We are not convinced that the $3,350 million expenditure budgetted could not be pruned and cut down with economy and the elimination of waste, unnecessary and non-essential projects, and the stamping out of corruption.

We cannot comment on the proposed expenditure items as we do not have the papers and details as to how the government proposes to spend the $3,350 million. This is why we in the DAP wanted a parliamentary debate on the budget, so that we should examine and expose waste, inefficiency, unnecessary and non-essential expenditures to reduce the public burden.

Unemployment

Despite the great debts Tun Tan is putting the country into, he could not solve the unemployment problem in the country.

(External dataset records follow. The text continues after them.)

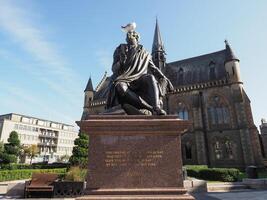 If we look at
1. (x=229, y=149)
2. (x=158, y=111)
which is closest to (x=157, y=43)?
(x=229, y=149)

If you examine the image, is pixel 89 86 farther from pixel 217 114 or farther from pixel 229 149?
pixel 229 149

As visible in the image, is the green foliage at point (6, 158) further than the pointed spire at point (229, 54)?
Yes

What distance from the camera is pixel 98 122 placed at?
14.8 feet

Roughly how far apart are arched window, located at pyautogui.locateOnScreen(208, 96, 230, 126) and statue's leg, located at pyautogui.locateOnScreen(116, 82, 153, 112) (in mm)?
30812

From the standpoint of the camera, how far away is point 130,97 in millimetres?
5355

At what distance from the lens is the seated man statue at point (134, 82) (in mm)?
5305

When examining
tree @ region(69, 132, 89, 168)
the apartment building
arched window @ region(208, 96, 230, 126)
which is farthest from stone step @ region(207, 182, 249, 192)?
the apartment building

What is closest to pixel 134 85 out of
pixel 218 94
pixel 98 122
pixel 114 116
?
pixel 114 116

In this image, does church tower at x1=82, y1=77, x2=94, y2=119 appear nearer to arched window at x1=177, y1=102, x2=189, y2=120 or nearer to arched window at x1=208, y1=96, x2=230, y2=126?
arched window at x1=177, y1=102, x2=189, y2=120

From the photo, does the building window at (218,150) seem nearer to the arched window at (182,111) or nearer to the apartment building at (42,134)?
the arched window at (182,111)

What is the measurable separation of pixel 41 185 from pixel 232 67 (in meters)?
31.9

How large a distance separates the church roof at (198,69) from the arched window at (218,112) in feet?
12.8

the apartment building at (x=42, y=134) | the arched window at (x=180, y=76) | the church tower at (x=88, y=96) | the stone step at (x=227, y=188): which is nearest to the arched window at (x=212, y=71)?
the arched window at (x=180, y=76)

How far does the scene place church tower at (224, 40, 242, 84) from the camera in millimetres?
33438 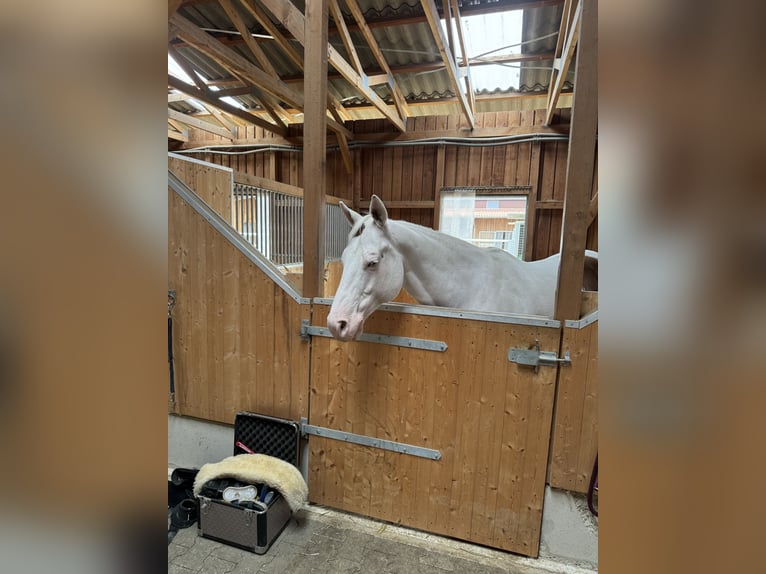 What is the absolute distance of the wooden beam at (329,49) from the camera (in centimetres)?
225

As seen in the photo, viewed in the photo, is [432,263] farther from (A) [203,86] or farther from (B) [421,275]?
(A) [203,86]

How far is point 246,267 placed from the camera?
6.15ft

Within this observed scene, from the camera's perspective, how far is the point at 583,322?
4.48 feet

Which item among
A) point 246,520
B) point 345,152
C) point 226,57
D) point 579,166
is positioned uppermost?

Tun Tan has said that the unemployment situation has worsened, and has shot up to 9% compared to 6 ½% last year. We can even be sure that the 9% figure is a conservative one.

From his budget speech, Tun Tan disclosed that last from January to October this year, the Employment Service in West Malaysia found jobs for 31,252 job persons, out of which 63% were Malays, 22% were Chinese and 15% were Indians and others, although the Malays have the lowest rate of unemployment in the country, in order to maintain a racially balanced work force at all levels.

Tun Tan also reiterated that the incidence of unemployment is considerably higher in the urban than in the rural areas, and in both areas, highest amongst youths and school leavers.

Armies of young Malaysians leaving school roaming the country without jobs is the biggest economic and social problem in the country.

But we in the DAP must stress that this is a economic and not a racial problem. Any attempt to treat this as a racial problem and with racial solutions will only lead to greater national problems in the country.

The Malacca UMNO General assembly has just passed a resolution calling for 75 per cent of the workers in all factories to be reserved for Malays.

The unemployment problem will not only not be solved by racial solutions, but can only be aggravated. More jobs can only be created by greater diversification of our economy, more purposive industrialisation, and a technically – oriented education system.